There was only one other member of my family, my first cousin Jane, who tested positive for BRCA2, (my two children are both negative 🙏🏻). Jane had a bilateral mastectomy in 2018 and showed no signs of breast cancer. Being proactive, she was set to get her ovaries removed as well. Jane died in September 2019 of pancreatic cancer. You see BRCA2 has three top cancers: breast, ovarian and pancreatic. We did not see this coming in Jane. She was weeks shy of her 54th birthday and was very healthy. As a result, I am now being followed for pancreatic cancer and tested every year with in depth MRI scans. I will cross that bridge when and if I ever have to.

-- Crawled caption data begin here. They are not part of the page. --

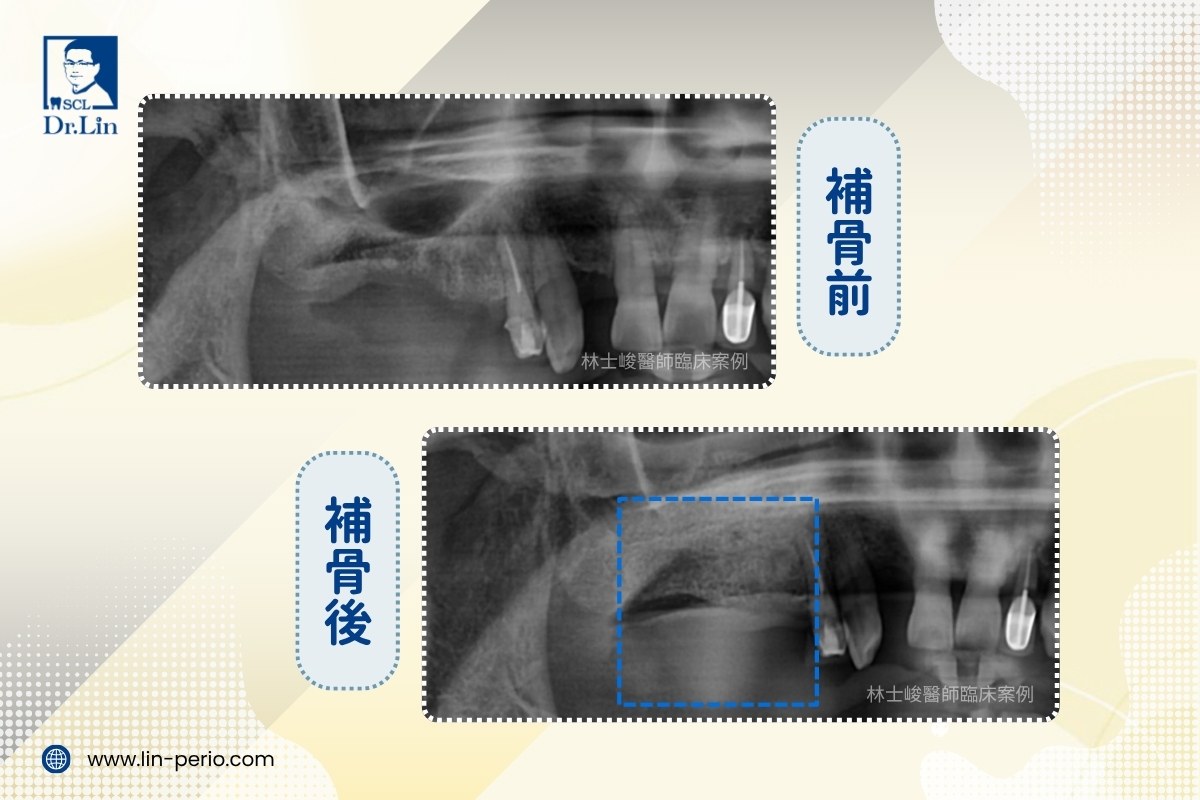 案例04-4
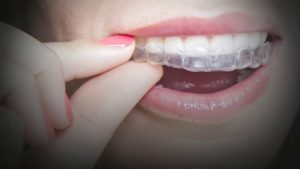 Bite Realignment: How It Impacts Your Teeth and Overall Health
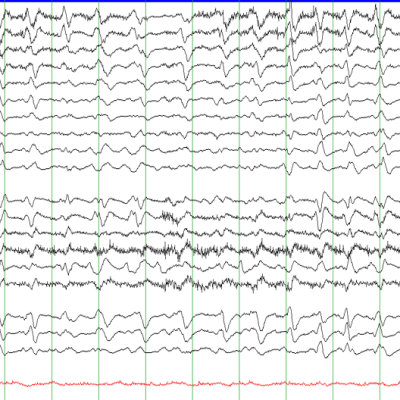 EEG with GPDs with Triphasic Morphology on Average montage, Secondary to hepatic encephalopathy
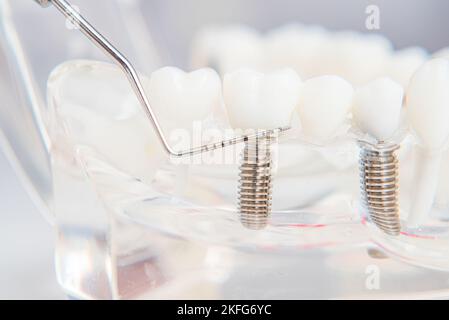 Ein Modell der Zähne mit Implantaten liegt auf einem Tisch im Büro Stockfoto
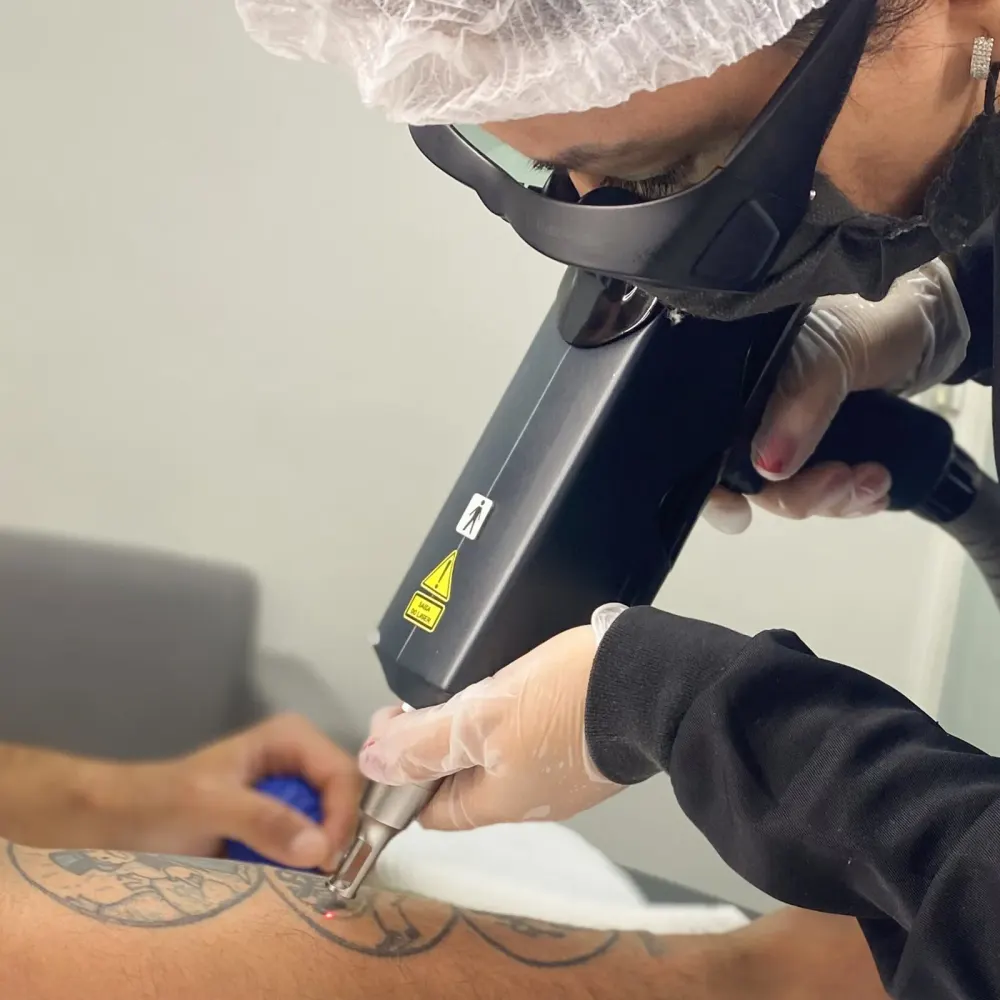 Nadia Neiva realizando remoção de tatuagem a laser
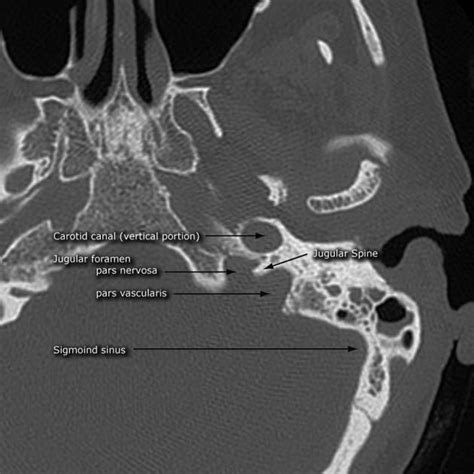 Jugular foramen | Radiology Reference Article | Radiopaedia.org ...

I am a warrior with a body full of scars. Although my appearance has changed and wears the marks of the battles, I am beautiful. I am blessed to be able to continue to fight. I advocate for not only myself, but for others. I help support anyone I can that has to walk the path of cancer. I am always willing to share my story and remind everyone that we need to take one day at a time…to plan small celebrations along the way, because no day is guaranteed. To see the beauty in the small things, like the colour of the sky or the way the wind blows through the trees. To tell those you love, how you feel. To all those who have fought, to all those have lost and to all those fighting right now, YOU are not alone. I send you strength, courage, and love. You CAN do this!
This story is intended to convey a personal experience and, because every person’s experience is unique, should not be relied upon as a substitute for professional healthcare advice.